Draußen wurde es immer heißer. Ebenso im Wageninneren, trotz der Klimaanlage, die ich auf Hochtouren laufen ließ, um Dianes Körpertemperatur halbwegs unter Kontrolle zu behalten. Irgendwo zwischen Albuquerque und Tucumcari wurde ich von heftiger Müdigkeit überschwemmt. Wiederholt fielen mir die Augen zu und beinahe hätte ich einen Kilometeranzeiger gerammt.
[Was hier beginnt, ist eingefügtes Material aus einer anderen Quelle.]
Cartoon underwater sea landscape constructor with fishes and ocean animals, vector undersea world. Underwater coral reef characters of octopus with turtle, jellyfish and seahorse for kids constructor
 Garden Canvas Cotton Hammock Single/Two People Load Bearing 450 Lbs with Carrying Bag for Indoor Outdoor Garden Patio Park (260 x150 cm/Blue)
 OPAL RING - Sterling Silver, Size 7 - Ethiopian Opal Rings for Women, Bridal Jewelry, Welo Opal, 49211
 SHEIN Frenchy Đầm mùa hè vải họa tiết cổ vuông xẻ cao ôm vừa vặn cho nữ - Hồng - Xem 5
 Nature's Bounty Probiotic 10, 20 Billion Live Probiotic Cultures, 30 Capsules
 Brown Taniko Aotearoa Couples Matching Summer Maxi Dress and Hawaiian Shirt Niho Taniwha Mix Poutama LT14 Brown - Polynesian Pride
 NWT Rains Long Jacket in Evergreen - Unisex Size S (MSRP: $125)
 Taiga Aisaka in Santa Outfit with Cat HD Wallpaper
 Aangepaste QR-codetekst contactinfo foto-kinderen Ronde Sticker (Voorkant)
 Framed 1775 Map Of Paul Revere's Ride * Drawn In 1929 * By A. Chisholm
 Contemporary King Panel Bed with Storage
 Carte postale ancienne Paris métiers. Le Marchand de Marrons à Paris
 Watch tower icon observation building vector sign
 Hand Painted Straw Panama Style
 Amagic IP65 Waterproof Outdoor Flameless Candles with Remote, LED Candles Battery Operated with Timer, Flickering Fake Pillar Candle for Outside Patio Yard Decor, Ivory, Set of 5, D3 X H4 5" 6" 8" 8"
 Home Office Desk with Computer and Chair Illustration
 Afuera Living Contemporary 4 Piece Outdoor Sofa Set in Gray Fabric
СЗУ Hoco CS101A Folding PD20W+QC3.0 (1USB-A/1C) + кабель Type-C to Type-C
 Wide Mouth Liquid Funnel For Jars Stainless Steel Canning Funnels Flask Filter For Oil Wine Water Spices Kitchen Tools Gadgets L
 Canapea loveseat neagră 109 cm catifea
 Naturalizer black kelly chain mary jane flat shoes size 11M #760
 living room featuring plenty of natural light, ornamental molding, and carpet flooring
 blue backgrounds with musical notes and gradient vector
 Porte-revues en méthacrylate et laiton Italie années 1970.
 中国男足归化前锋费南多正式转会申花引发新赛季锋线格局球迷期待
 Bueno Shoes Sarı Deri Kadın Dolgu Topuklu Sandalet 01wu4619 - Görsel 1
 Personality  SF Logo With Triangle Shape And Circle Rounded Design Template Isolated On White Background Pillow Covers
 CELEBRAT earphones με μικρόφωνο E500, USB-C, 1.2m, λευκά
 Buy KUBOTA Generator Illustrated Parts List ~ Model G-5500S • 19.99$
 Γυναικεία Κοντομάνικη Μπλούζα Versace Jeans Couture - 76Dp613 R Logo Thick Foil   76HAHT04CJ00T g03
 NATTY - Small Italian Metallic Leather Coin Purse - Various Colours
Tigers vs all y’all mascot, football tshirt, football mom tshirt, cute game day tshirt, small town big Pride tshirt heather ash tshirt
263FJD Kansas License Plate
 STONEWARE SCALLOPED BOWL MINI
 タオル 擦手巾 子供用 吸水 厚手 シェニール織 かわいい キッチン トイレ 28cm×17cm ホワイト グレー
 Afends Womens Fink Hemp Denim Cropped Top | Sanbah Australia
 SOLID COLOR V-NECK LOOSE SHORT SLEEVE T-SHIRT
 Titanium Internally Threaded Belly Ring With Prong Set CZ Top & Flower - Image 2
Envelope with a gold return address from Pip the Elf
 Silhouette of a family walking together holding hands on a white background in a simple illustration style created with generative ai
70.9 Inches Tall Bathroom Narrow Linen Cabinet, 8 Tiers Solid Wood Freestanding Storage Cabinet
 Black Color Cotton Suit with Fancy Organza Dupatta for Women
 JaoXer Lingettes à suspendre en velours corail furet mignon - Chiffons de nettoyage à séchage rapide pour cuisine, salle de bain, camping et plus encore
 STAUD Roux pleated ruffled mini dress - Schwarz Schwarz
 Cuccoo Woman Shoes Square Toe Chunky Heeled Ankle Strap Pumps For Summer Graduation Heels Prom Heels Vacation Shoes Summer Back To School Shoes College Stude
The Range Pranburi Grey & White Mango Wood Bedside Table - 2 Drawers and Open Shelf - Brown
Darauf fuhr ich an den Straßenrand und stellte den Motor ab. Ich sagte Simon, er solle den Tank aus den Kanistern auffüllen und sich bereit machen, das Steuer zu übernehmen. Er nickte widerstrebend.

Wir waren besser vorangekommen, als ich erwartet hatte. Es hatte wenig bis gar kein Verkehr geherrscht, womöglich weil die Leute Angst hatten, allein unterwegs zu sein. Während Simon Benzin nachfüllte, fragte ich ihn, was er zu essen mitgenommen hatte.«

»Nur was ich auf die Schnelle in der Küche gefunden habe. Ich hatte es eilig. Sieh selbst nach.«

Im Kofferraum, zwischen den eingedellten Kanistern, dem verpackten medizinischen Bedarf und einzelnen Flaschen Mineralwasser fand ich einen Pappkarton. Er enthielt drei Schachteln Cheerios, zwei Büchsen Cornedbeef und eine Flasche Pepsi light. »Jesus, Simon.«

Er zuckte zusammen; mir wurde klar, dass ich mich nicht gerade sorgfältig ausgedrückt hatte. »Das war alles, was ich finden konnte.«

Und keine Schüsseln oder Löffel. Aber ich war ebenso hungrig wie müde. Wir beschlossen, den Motor ein wenig abkühlen zu lassen. Währenddessen setzten wir uns in den Schatten des Autos, dessen Scheiben heruntergelassen waren, damit die aus der Wüste wehende Brise hindurchblasen konnte. Die Sonne stand sengend am Himmel, es war wie High Noon auf dem Merkur. Wir benutzten die Böden leerer Plastikflaschen als behelfsmäßige Tassen und aßen in lauwarmem Wasser eingeweichte Cheerios. Es sah ein bisschen aus wie Klebstoff und schmeckte auch so.

Ich besprach die nächste Reiseetappe mit Simon, erinnerte ihn daran, die Klimaanlage einzuschalten, sobald wir unterwegs waren, und bat ihn, mich zu wecken, falls sich auf der Straße irgendwelche Probleme abzeichneten.